▶ [TASK DETAILS] Every line of the listing below from the one with "this 640×480 image." up to and including the one with "this 1196×919 image." should be retyped exactly, and nothing else; pictures are not part of the copy.

▶ [RECORDS PROVIDED]
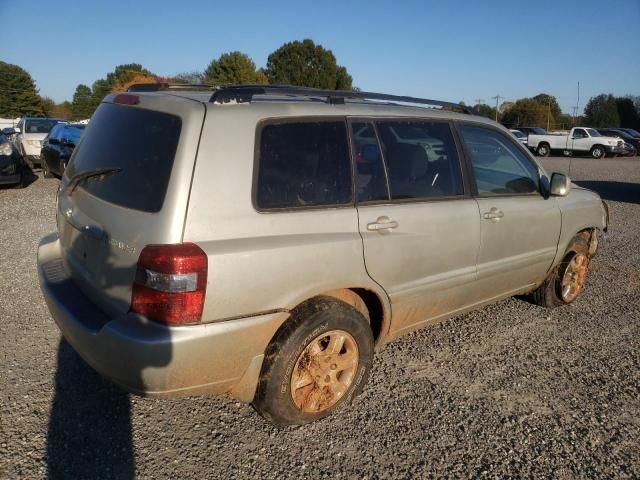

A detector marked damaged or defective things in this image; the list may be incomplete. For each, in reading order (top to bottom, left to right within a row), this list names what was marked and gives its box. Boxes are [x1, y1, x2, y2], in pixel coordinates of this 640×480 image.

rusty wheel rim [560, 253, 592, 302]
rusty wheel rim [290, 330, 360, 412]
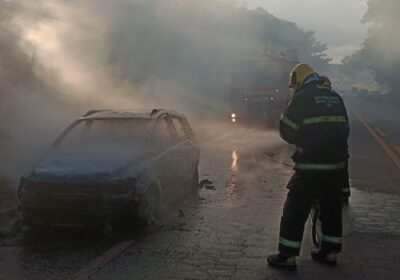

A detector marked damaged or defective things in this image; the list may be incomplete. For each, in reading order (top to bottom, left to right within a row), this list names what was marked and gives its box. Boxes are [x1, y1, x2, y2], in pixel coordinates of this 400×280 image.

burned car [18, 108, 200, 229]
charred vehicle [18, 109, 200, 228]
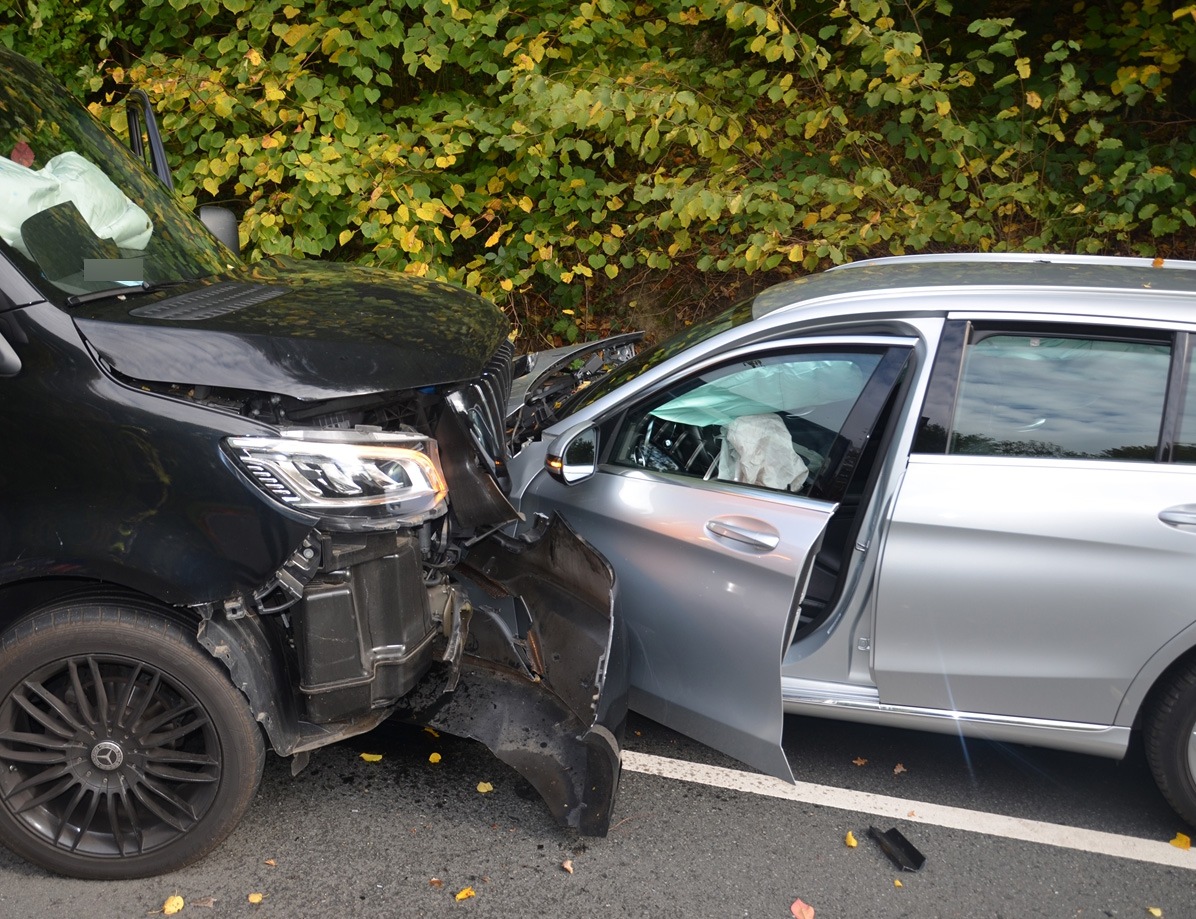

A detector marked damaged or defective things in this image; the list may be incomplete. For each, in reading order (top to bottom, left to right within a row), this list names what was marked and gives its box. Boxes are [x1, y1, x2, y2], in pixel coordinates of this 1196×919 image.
...
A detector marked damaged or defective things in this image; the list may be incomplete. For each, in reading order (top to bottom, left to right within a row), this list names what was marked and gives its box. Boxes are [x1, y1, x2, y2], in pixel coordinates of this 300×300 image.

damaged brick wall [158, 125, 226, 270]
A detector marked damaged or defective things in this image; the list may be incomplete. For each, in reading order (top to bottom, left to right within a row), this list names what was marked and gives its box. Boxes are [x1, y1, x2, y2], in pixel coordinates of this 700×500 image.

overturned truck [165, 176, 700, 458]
...
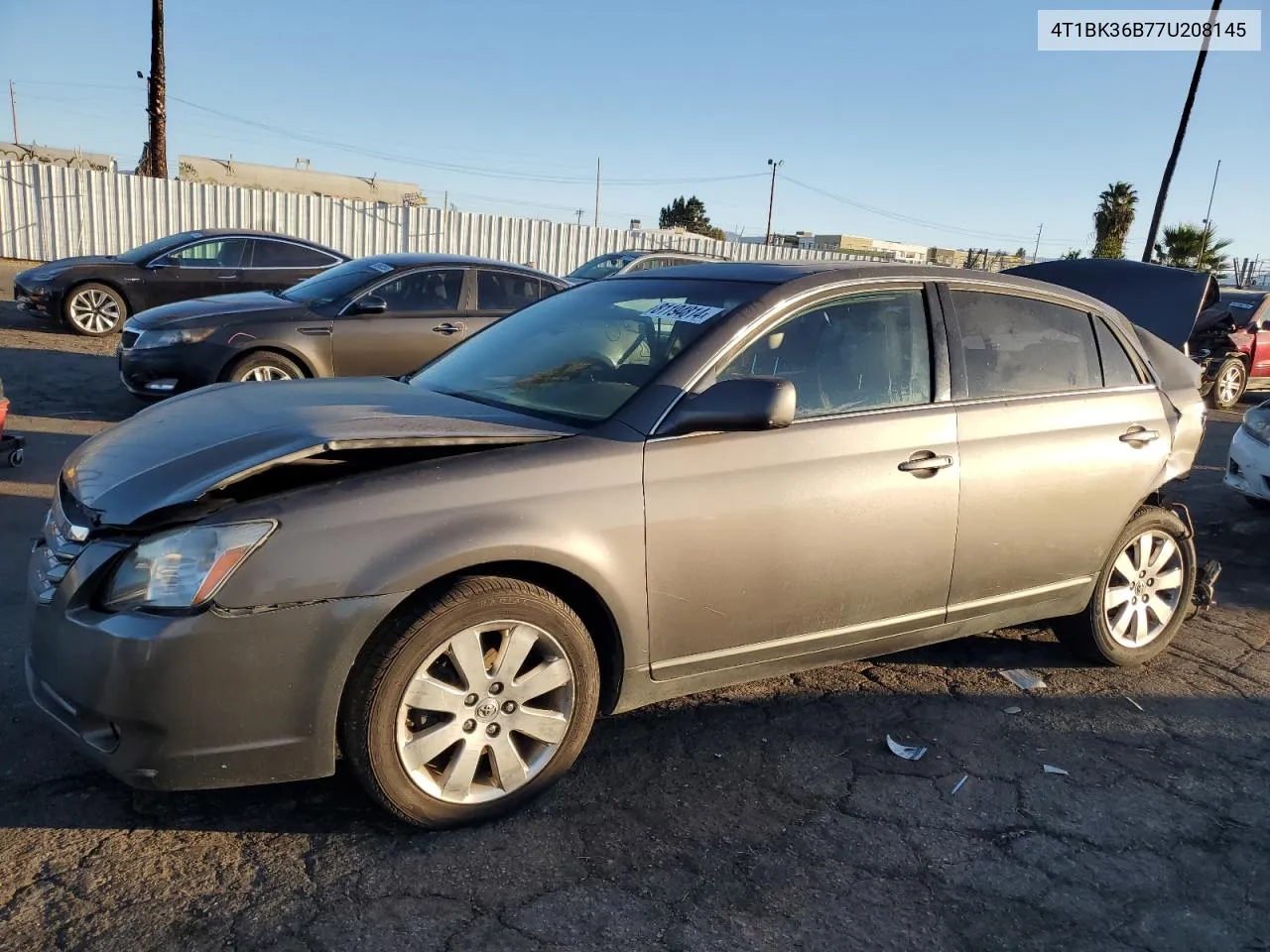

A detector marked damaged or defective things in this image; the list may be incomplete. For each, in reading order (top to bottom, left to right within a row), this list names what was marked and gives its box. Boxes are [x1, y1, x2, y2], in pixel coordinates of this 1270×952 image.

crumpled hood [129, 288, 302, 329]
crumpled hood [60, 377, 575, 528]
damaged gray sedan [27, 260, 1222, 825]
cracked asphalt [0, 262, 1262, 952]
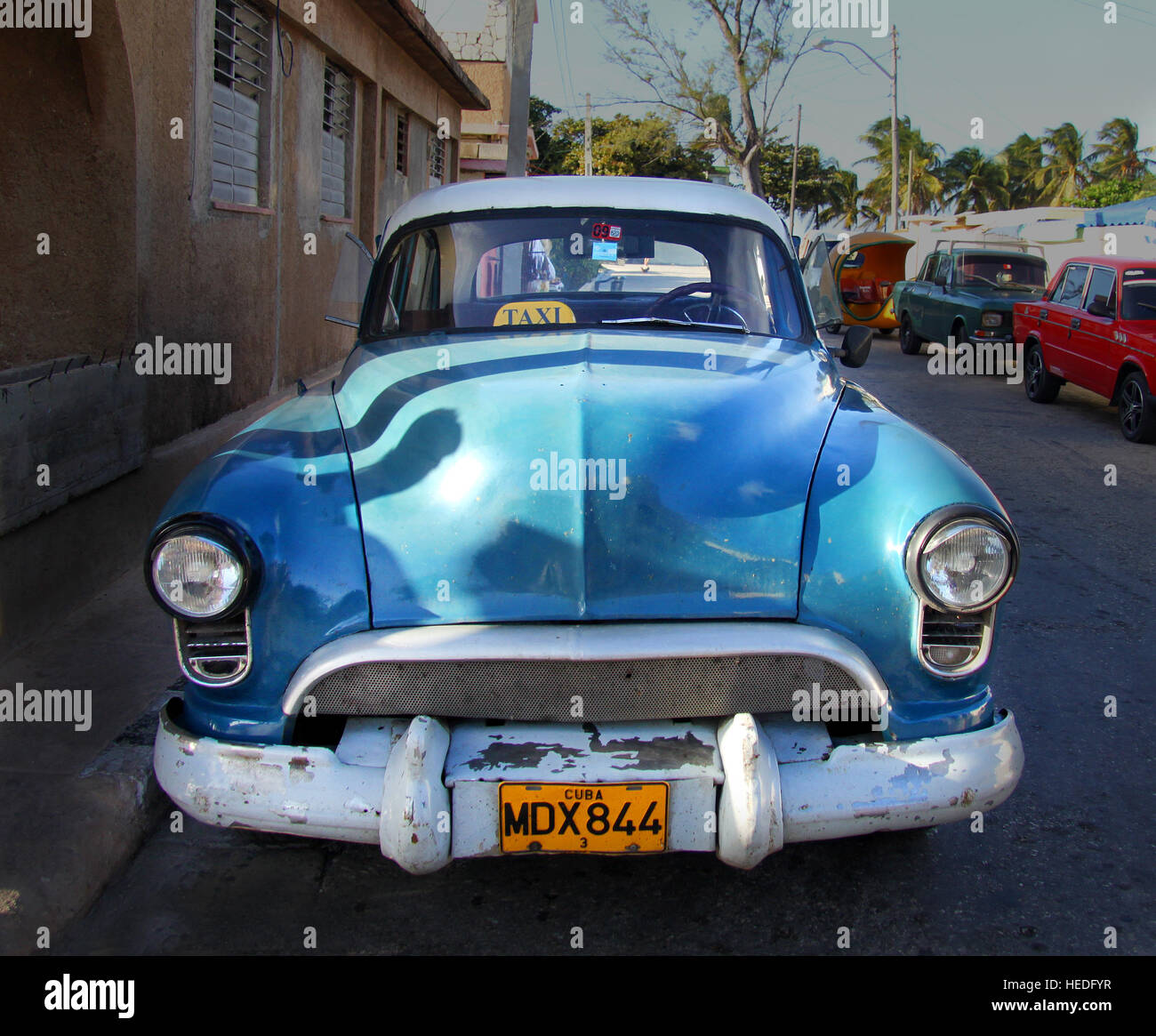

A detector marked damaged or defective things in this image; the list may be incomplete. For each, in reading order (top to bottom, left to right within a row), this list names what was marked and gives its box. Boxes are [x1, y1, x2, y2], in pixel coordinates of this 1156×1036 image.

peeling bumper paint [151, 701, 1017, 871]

▶ [RESPONSE TO THIS TASK]
A detector marked damaged or defective things in this image; the list may be incomplete. For each, in reading order (top to bottom, left to right within a row), this list names what was marked and gives its box. Boxes are [x1, y1, x2, y2], in pixel coordinates of this 640×480 image.

rusty wheel rim [560, 253, 592, 302]
rusty wheel rim [290, 330, 360, 412]

A detector marked damaged or defective things in this image; the list may be incomplete. For each, in reading order (top to bottom, left to right within a row), this list names what was marked and gives its box. Boxes are [x1, y1, x2, y2], in pixel coordinates of this 400×280 image.

burned car [18, 108, 200, 229]
charred vehicle [18, 109, 200, 228]

A detector marked damaged or defective things in this image; the list may be incomplete. For each, in reading order (top to bottom, left to right within a row), this list names what was marked and gives its box. Boxes are [x1, y1, x2, y2], in pixel coordinates of this 1196×919 image.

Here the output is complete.